# Work to complete
Could you repeat all of the entries below word for word, apart from the pictures?

Crawled caption data:
<<<<

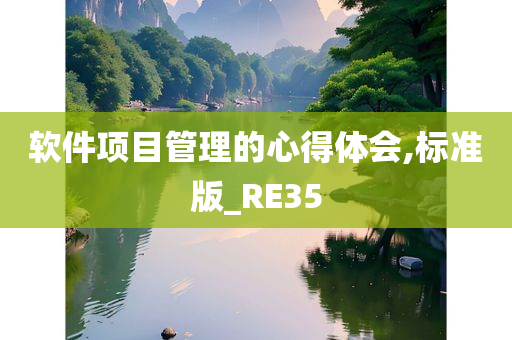 软件项目管理的心得体会,标准版_RE35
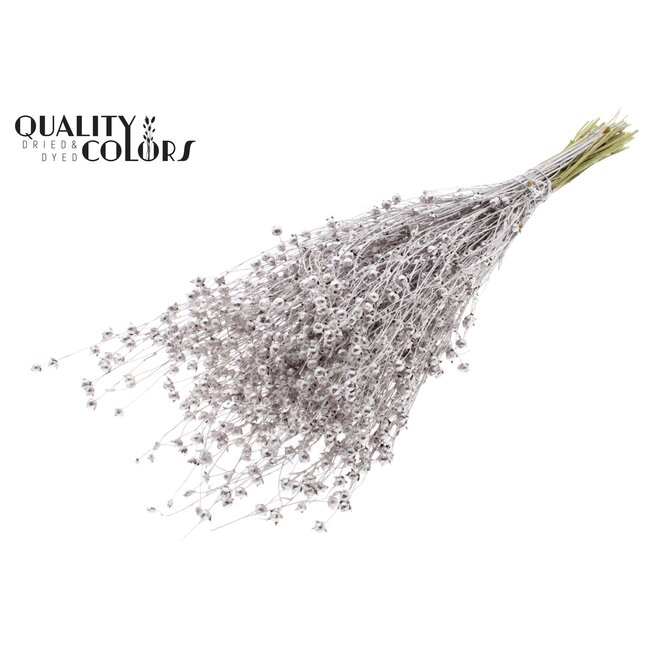 Getrockneter Flachs | Farbe: Champagnerfarben | Linum Trockenblumen | Länge ± 50 Zentimeter | Gewicht 150 Gramm | Pro Bund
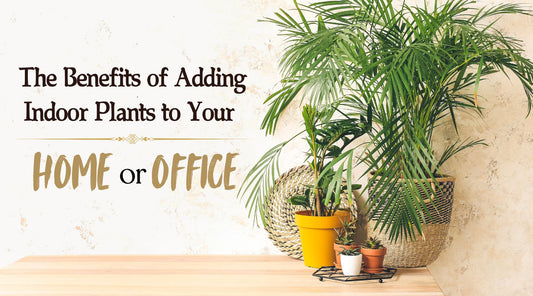 The Benefits of Adding Indoor Plants to Your Home or Office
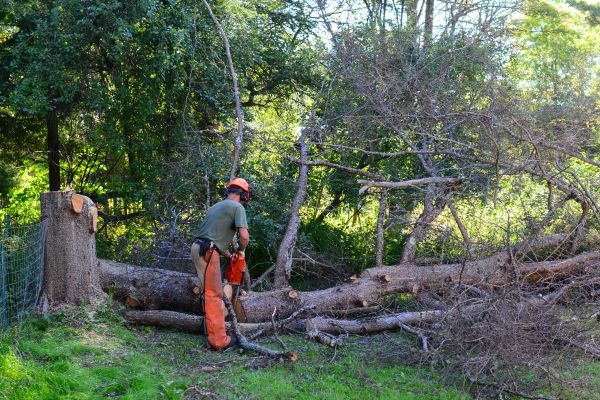 Staten Island Tree Removal
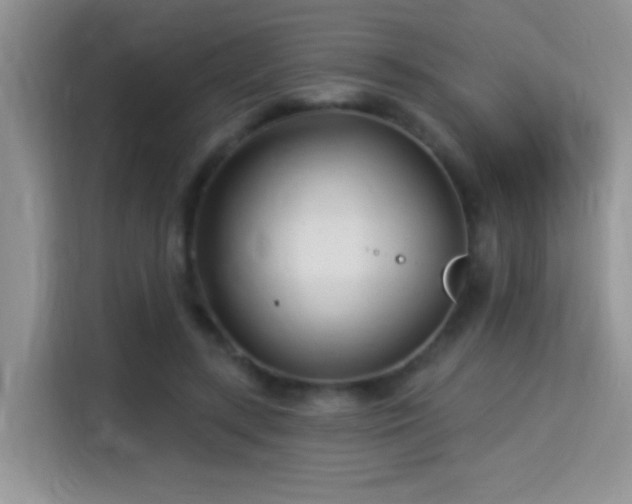 X0000115320547200911091159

>>>>

# Response below
 软件项目管理的心得体会,标准版_RE35
 Getrockneter Flachs | Farbe: Champagnerfarben | Linum Trockenblumen | Länge ± 50 Zentimeter | Gewicht 150 Gramm | Pro Bund
 The Benefits of Adding Indoor Plants to Your Home or Office
 Staten Island Tree Removal
 X0000115320547200911091159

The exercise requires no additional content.